"La Barge, the most illustrious captain in the history of Missouri steamboating." -In the Wake of Lewis and Clark (2018) "A major figure in brief golden age...of steamboating and the fur trade...his career spanned nearly the entire history of steamboating on the Missouri." -Steamboats in Dakota Territory (2017) "Adding to La Barge's problems was an attack on his boats by the Sioux at Tobacco Gardens, about 88 miles downriver from Fort Union." -Yankees & Rebels on the Upper Missouri (2016) "Chittenden...used the skeleton of La Barge's personal experiences to reconstruct a history of steamboat navigation." -Hiram Martin His Public Career (2014)
No less authority than Hiram Chittenden wrote this marvelous history of the early days of one of America's most important waterways. A West Point engineer, namesake of the Hiram Chittenden locks in Seattle, Chittenden was a respected historian of early western America.
There was no railroad system in the United States whose importance to its tributary country was relatively greater than was that of the Missouri River to the trans-Mississippi territory in the first seventy-five years of the nineteenth century.
Through the earliest days of navigation on the great Missouri, through its use in the Civil War, the Indian Wars, Custer's Last Stand, and its eventual demise as a major highway due to the development of the railroads, this history tells of an America that depended on rivers for expansion.
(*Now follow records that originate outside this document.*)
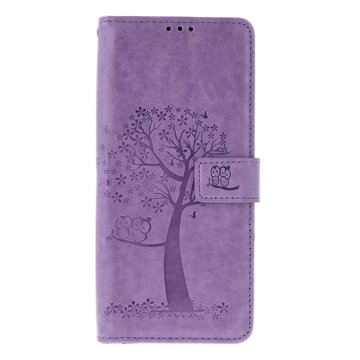 

TopQ Pouzdro Xiaomi Redmi 14C knížkové Světle fialový strom sovičky 132392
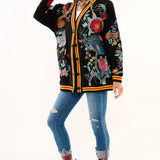 Hermione French Terry Cardigan | Floral Embroidered Jacket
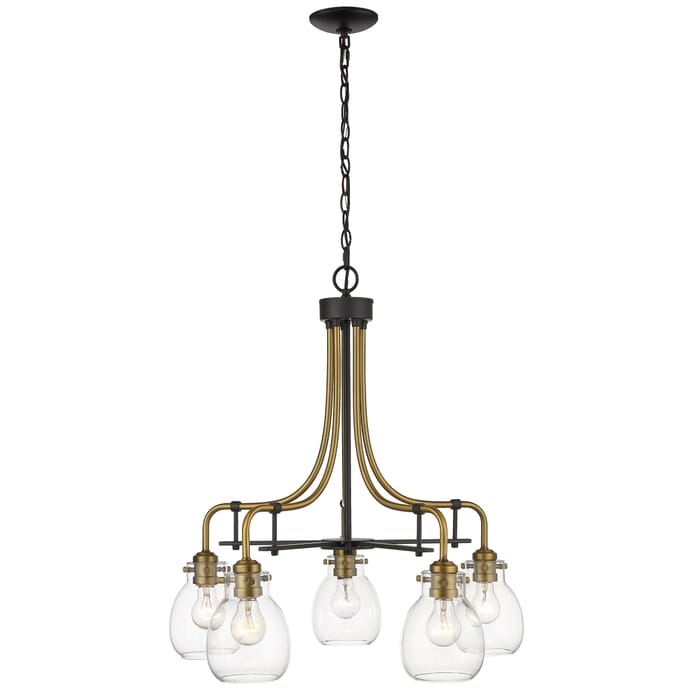 Z-Lite Kraken 5-Light Chandelier In Matte Black With Olde Brass Z-Lite Kraken 5-Light Chandelier In Matte Black With Olde Brass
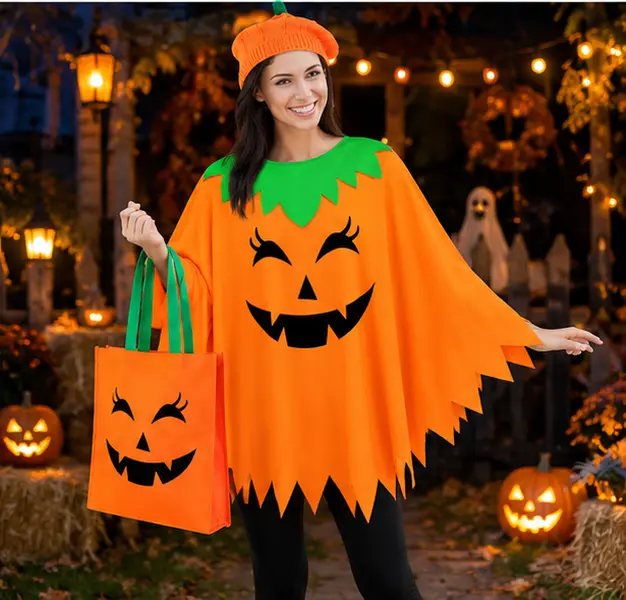 Pumpkin Costume for Women, Adult Halloween Pumpkin Poncho Costume Set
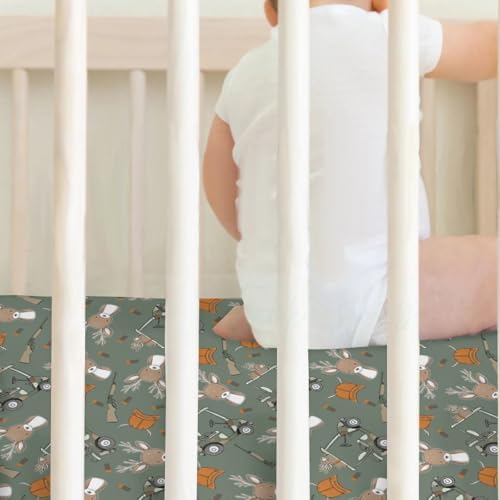 Camouflage Deer Fitted Crib Sheets for Boys and Girls 28x52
Though Grant Marsh captained the steamer Far West, which took the wounded Little Bighorn survivors to Ft. Lincoln, La Barge also saw service as a captain on Custer's Yellowstone Expedition.
The life of Joseph La Barge exemplifies the 19th century life of the river. The author met La Barge shortly before his death and found him to be an extraordinary wealth of information about early steamboat travel, as La Barge had owned and operated boats on the river for many years. He was on the first boat that went to the far upper river, and he made the last through voyage from St. Louis to Fort Benton.
This consolidation of the original two volumes by Chittenden looked like a bargain to me on the Zandbroz used-book shelf, and I was right about that. I know the La Barge memoir on navigation of the Missouri River will be of considerable value in future research. I also have been doing easy-chair reading in it ever since acquiring it about a year ago.
Some parts, while perhaps valuable a primary record, are a little plodding, but others are transporting. I particularly liked Chapter IX on "Kinds of Boats Used on the Missouri"--dugout canoes, mackinaws, bullboats, and keelboats all preceding steam transport. The descriptions of the construction and features of these riverine vessels are first-rate.
Later in the work it is interesting to observe the events of the Dakota War in Dakota Territory from the standpoint of the steamboaters. Reading about the mackinaw fight of 1862 makes more sense when you have read the earlier chapter describing just what a mackinaw boat was! Moreover, our narratives of the Dakota War tend to follow the movements of combatants overland, whereas arguably, the war was commenced and eventually decided on the river. The La Barge narrative is important to the revisionism incumbent on us for a better view of the conflict of 1862-65.